Los nobles y sus familias hacían reverencias al cardenal sentado en su trono de terciopelo rojo, buscando, aunque fuera un instante, su mirada reseca como la tierra en agosto. Le miraban con el descaro del que se sabe superior a toda aquella masa de gente que ocupaba la zona central y andaba de sobresalto en sobresalto, enmudecida por la música y mareada por el incienso, por el propio suelo de mármoles blancos y negros que, de tan pulidos, daban la sensación de abismo. Su dibujo formaba una estrella de tantas puntas como capillas, aquellas zonas reservadas sólo para los hijos de los que ya habían sido nobles, con el estandarte de la familia colgando sobre el muro, como si fuera un anuncio publicitario.

Y la misa, entretanto, continuaba. Alguna gran señora miraba de reojo, moviendo de derecha a izquierda el abanico, como si afirmara: Mañana, a la noche. Y los sacerdotes seguían proclamando de espaldas al público aquellas palabras sin sentido mientras se movían con gestos lentos y precisos, más parecidos a los de un actor que representaba aquel misterio tras el escenario de columnas doradas y figuras de santos doloridas que miraban con ojos impávidos entre la niebla.

Unos ojos alucinados, los de la criada que miraba las rejas del altar tras los cuales se movían los bultos indecisos de las monjas.
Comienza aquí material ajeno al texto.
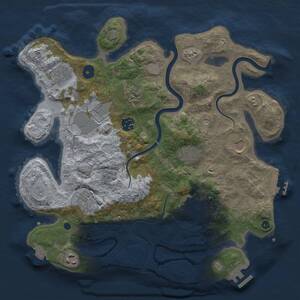 Thumbnail Rust Map: Procedural Map, Size: 3500, Seed: 455111965, 16 Monuments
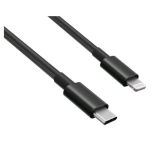 HAMLET CAVO DA USB-C A LIGHTNING 8 PIN 22 W 1.5 MT NERO
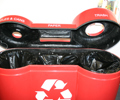 Mobius Recycle Pod Receptacle - 3 compartment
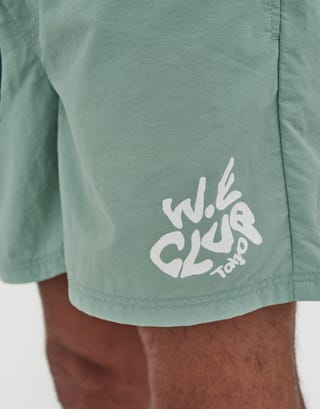 Weekend Club Swim Shorts in Pistachio Green Detail3
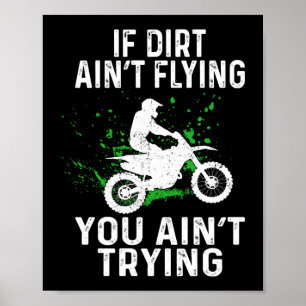 Poster Motocross À Vélo Irrégulier Si Vous N'Êtes Pas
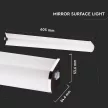 V-TAC LED 10W FALI TÜKÖRVILÁGÍTÁS IP44 - Króm - 4000K - 3916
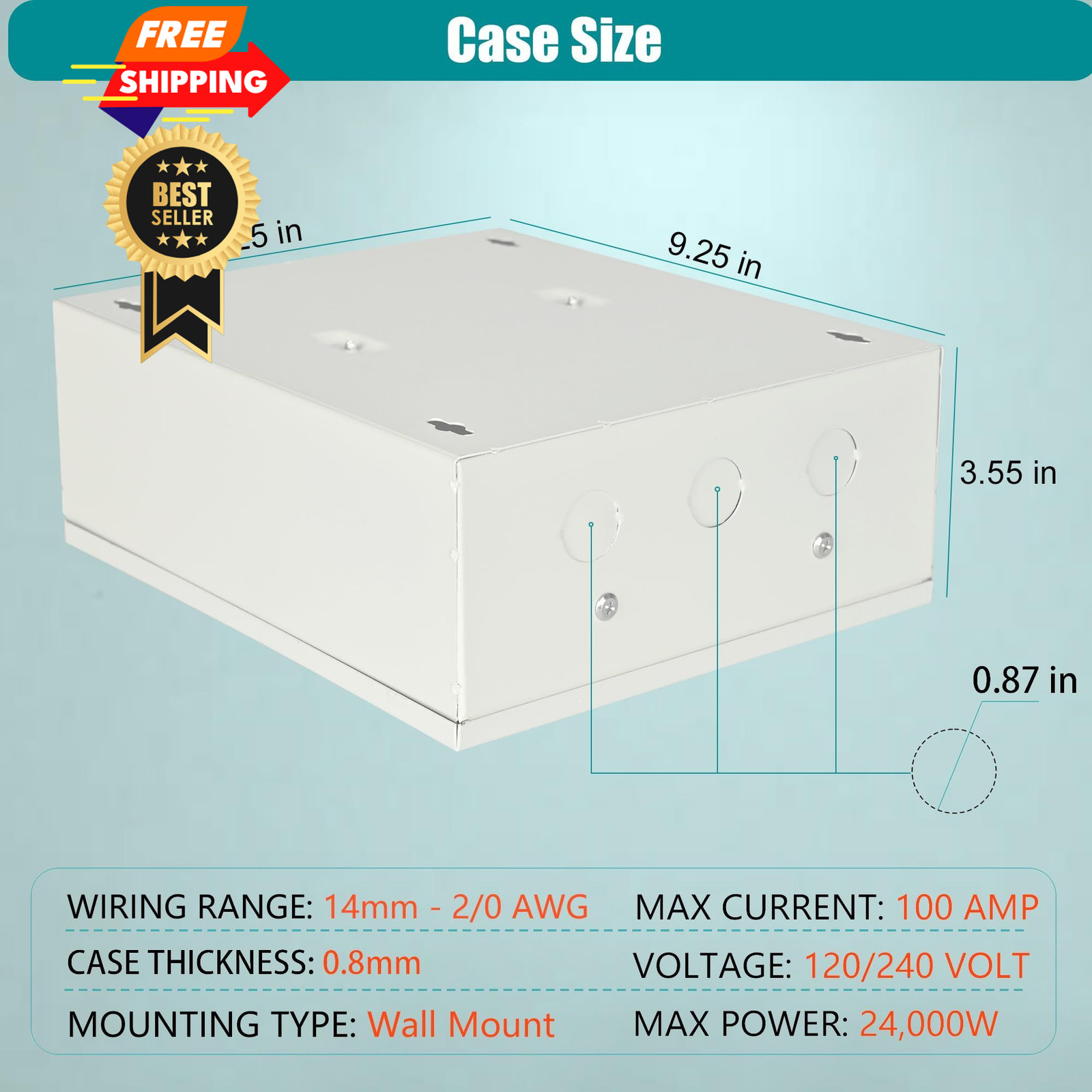 Automatic Transfer Switch, 100 Amp 3 Pole Auto Switch for Home...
Los del barbero enmudecido, el comerciante satisfecho, el simple soldado o el estudiante de pronto arrepentido, espectadores todos de un milagro que cada 20 de agosto sucedía, como si Dios hubiera elegido aquel día para hacer enmudecer al mundo cuando el sacerdote cogía el vino y el pan y, tras arrodillarse, se iba volviendo muy despacio. Terriblemente despacio, como si en verdad estuviera esperando el...

¡Milagro! Un solitario rayo de luz entraba por la zona superior de la cúpula, atravesaba la sala rasgando las nubes de incienso y se posaba sobre la copa dorada que hacía destellos.

Los más se tapaban con la mano los ojos, convencidos de que aquella luz divina les arrancaría la vista de un solo zarpazo, y sólo llegaban a vislumbrar la capa dorada del sacerdote brillante como si estuviera ardiendo, el cáliz y la patena levitando sobre el aire de luz dolorosa que abrasaba las cosas con su potencia todopoderosa.

Pasaba esto y, mientras todos se arrodillaban y se sucedían los cantos, unas monjas, subidas en la linterna de la cúpula, arrojaban pétalos de rosa sobre aquellos que los veían caer entre el humo del incienso, como si fueran restos de plumas de ángeles que sobrevolaban sus cabezas en vuelos de algodón y nieve, mostrándoles el camino hacia un Cielo que ahora lo tenían casi delante, traído por el poder sin límites de aquel cardenal duro como el diamante que todo lo observaba desde la balconada central con su sonrisa sin dientes.

- Imaginaros todo esto y comprenderéis el poder que tenía entonces, en el siglo XVII, la religión. De cómo la utilizaban para convencer, convirtiendo la misa en un verdadero espectáculo de efectos especiales. Esto es la base del Barroco – dijo el guía terminando con estas palabras su largo discurso que a todos nos había dejado con la boca abierta.